Say you’re 35, and you plan to hit the Social Security maximum earning level every year of your entire career starting at age 22 until you retire at the age of 67. Assuming the current Social Security maximum earning level rises  with inflation but sees no further increase, you’d take home $2,847 in retirement every month at age 67. It takes until the age of 86.5 before you earn back every dollar you paid in Social Security.

If you’re interested in your exact benefit, explore the Social Security Retirement Estimator and the request your personal Social Security Statement. Also, if you are a government worker with a pension, your pension will adjust your Social Security according to the Windfall Elimination Provision.

Making the Most of Social Security and Your Retirement

If you’d been able to invest that money at a rate of 6% annually, instead of paying into Social Security, you’d have about 3x the monthly benefit ($10,770) to live off of every month. After all, you don’t get to keep 100% of what you pay in.

If you can minimize your FICA tax, and then actually invest the difference, you’ll end up with more money in your retirement.

If you are a business owner with an S-Corporation or an LLC filing as an S-Corporation, it’s possible to reduce the amount of FICA tax you have to pay. By paying yourself a reasonable salary from the corporation, you’ll pay FICA tax on your salary, but not the rest of the earnings of the business. The net profit of the business is subject to ordinary income tax.

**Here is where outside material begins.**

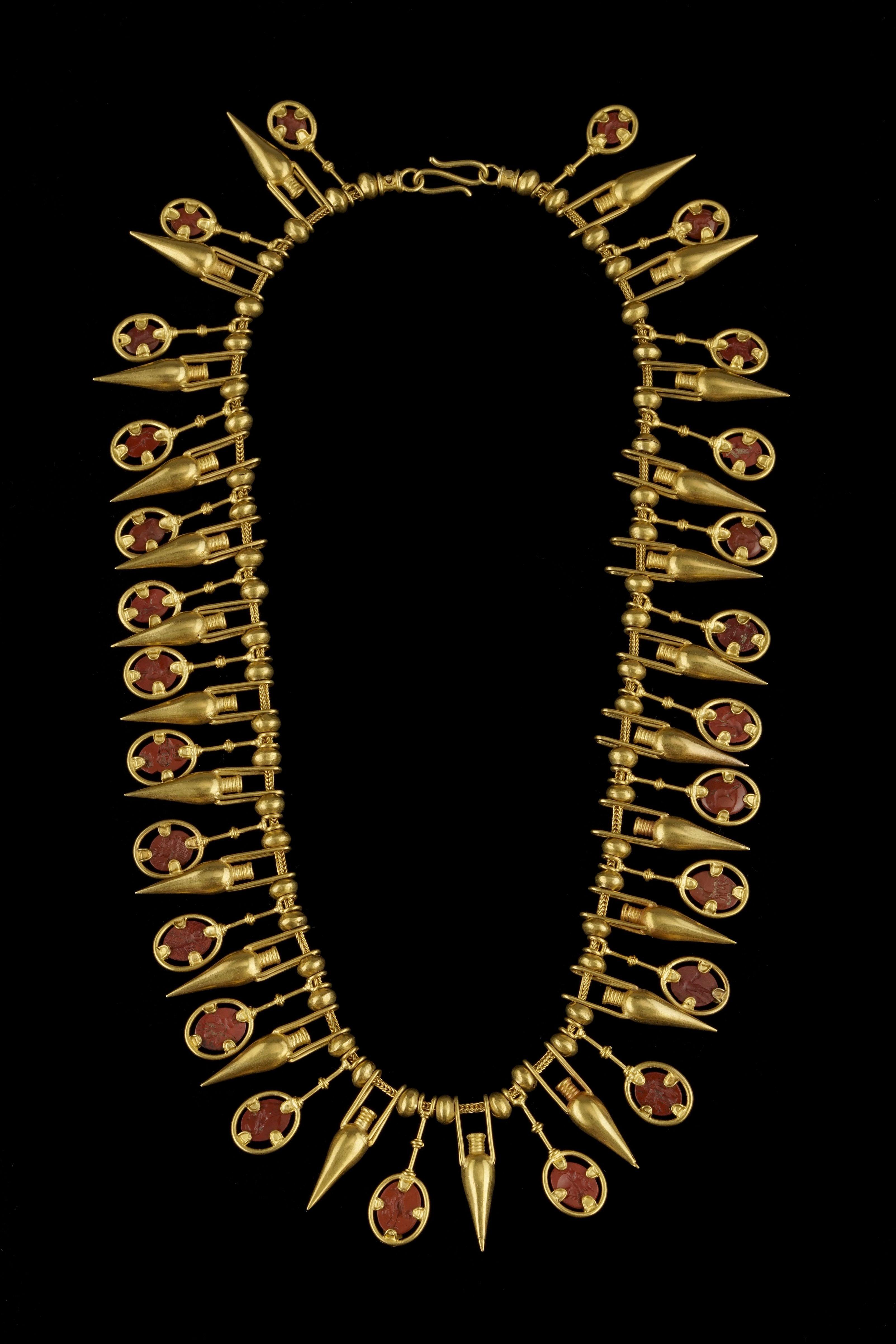 Castellani, collier d'inspiration étrusque serti d'intailles sur jaspe rouge intercalées d'amphores en or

Since paying Social Security isn’t optional, you might as well make the most of your benefit. You and your spouse can work together to space out your benefits so you’ll receive the most money during your lifetimes.

As a business owner, paying FICA tax is unavoidable. By understanding how your Social Security benefit works, you can pay less in FICA tax, while maximizing your Social Security benefit and your retirement nest egg.